━━━━━ COLLECTED DATA ━━━━━

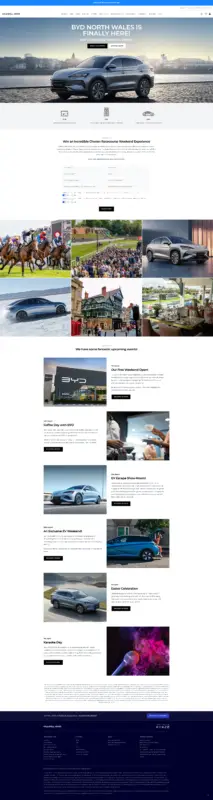 Brand12 Gallery Image Set 1 - 2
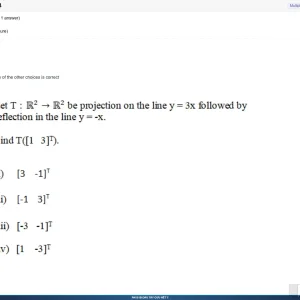 MAE101 SP26 FE RE_044.webp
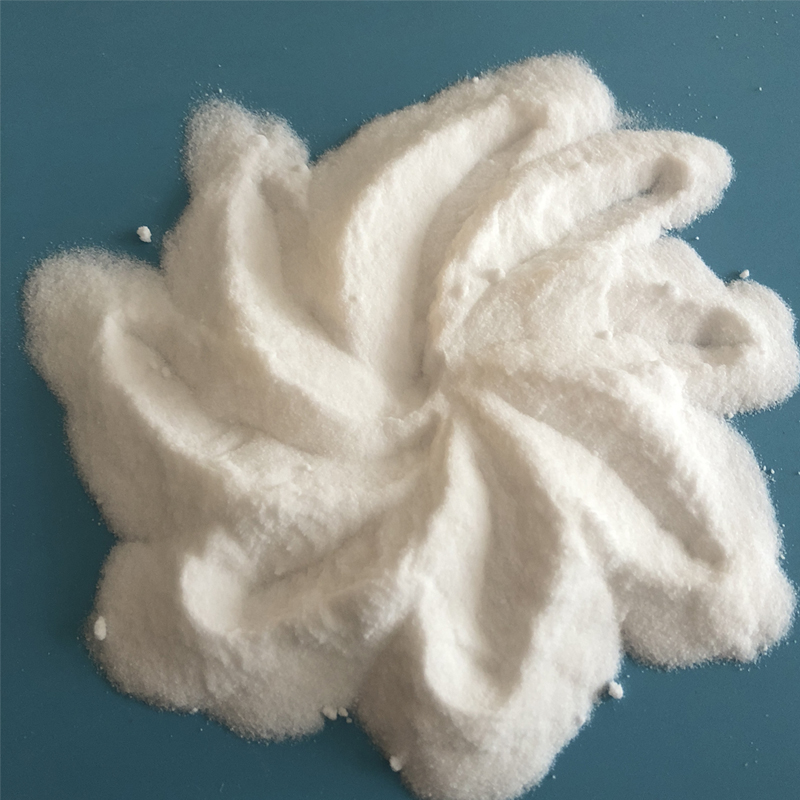 副產(chǎn)元明粉有哪些用途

━━━━━

REQUIREMENT -
Restate the data above exactly, stripping out each image.

ANSWER SPACE -
 Brand12 Gallery Image Set 1 - 2
 MAE101 SP26 FE RE_044.webp
 副產(chǎn)元明粉有哪些用途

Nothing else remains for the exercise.